Got mine!!! i had 5pts working in my favor!!! add that to a wyoming tag, a 2d buck tag and my muzzuloader tag!! :beer:


----------



## AdamFisk (Jan 30, 2005)

Got a preference point, but also got a doe tag.......I'll take it, considering my luck with the rest of the lotteries this year.


----------



## KEN W (Feb 22, 2002)

None for me this year.2 preference points for both antelope and mule deer next year.


----------



## varmit b gone (Jan 31, 2008)

I drew a cow elk tag this year for a halfway decent area. FINALLY!


----------



## fylling35 (Jun 15, 2007)

I got a doe goat and a preference point...good enough!


----------



## jwdinius1 (Dec 14, 2006)

what unit you in fisky? maybe we can tag team since you gotta doe? lemme know


----------



## AdamFisk (Jan 30, 2005)

jwdinius1 said:


> what unit you in fisky? maybe we can tag team since you gotta doe? lemme know


4-A, Early season........Sounds like Aron and a couple more are going to buy bow tags and we are going to make a little trip out of the deal. Plan on staying in Bowman. Where you at?


----------



## huntingdude16 (Jul 17, 2007)

Looks like i'll have 4 preference points next year in 9C.

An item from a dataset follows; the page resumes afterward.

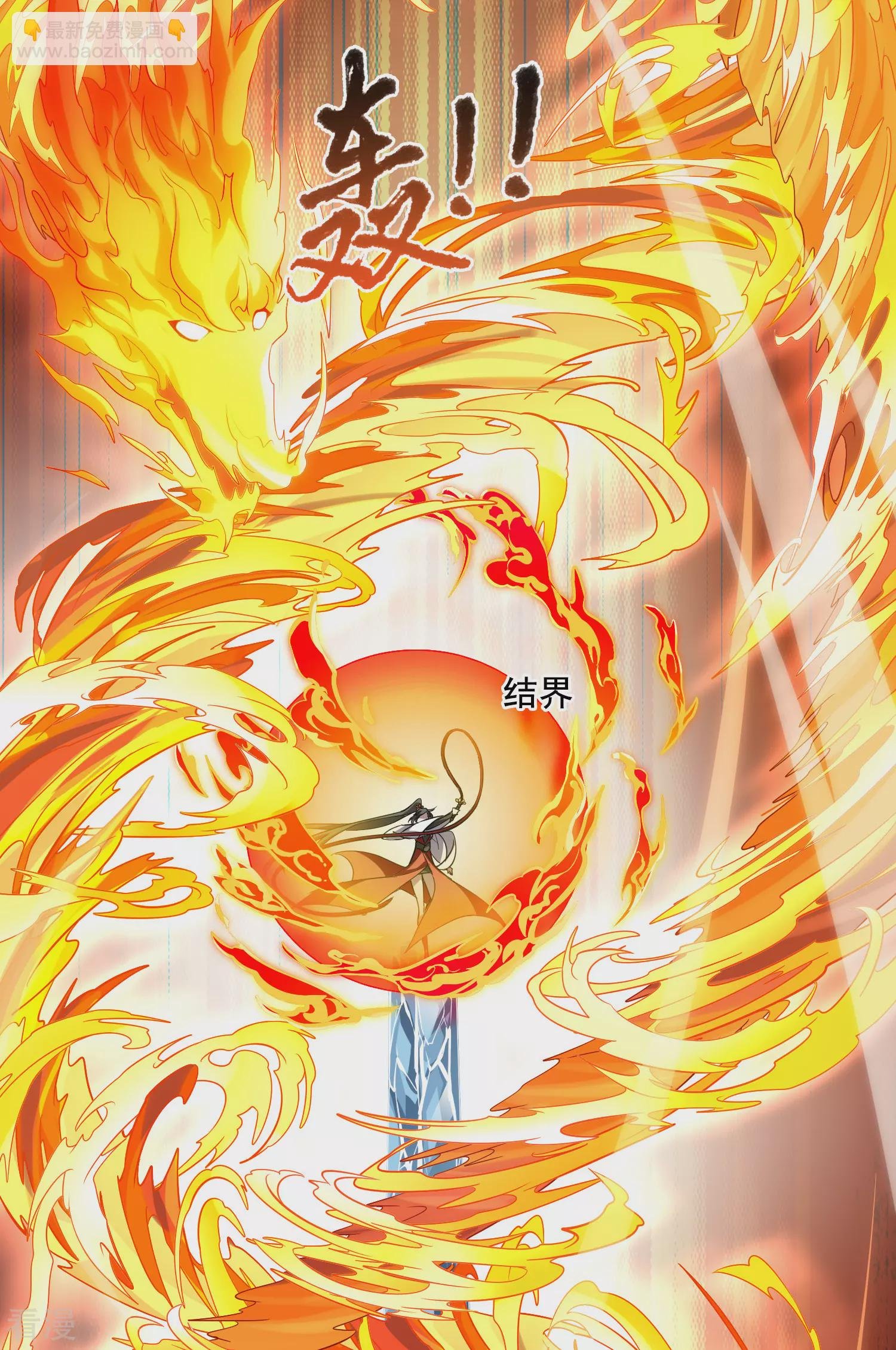 第543话 大战红莲3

Got a doe though, so could be worse.


----------



## jwdinius1 (Dec 14, 2006)

11a, my pa drew a tag as well, so i guess me and the ole man will be out the opener near mott, i have an uncle down there, and my pa grew up in Hebron so we have a good amount of land to hunt! Good Luck!! :beer:


----------



## wurgs (Mar 3, 2008)

WOOHOO!! Drew any pronghorn in 1A.   Now the fun begins.


----------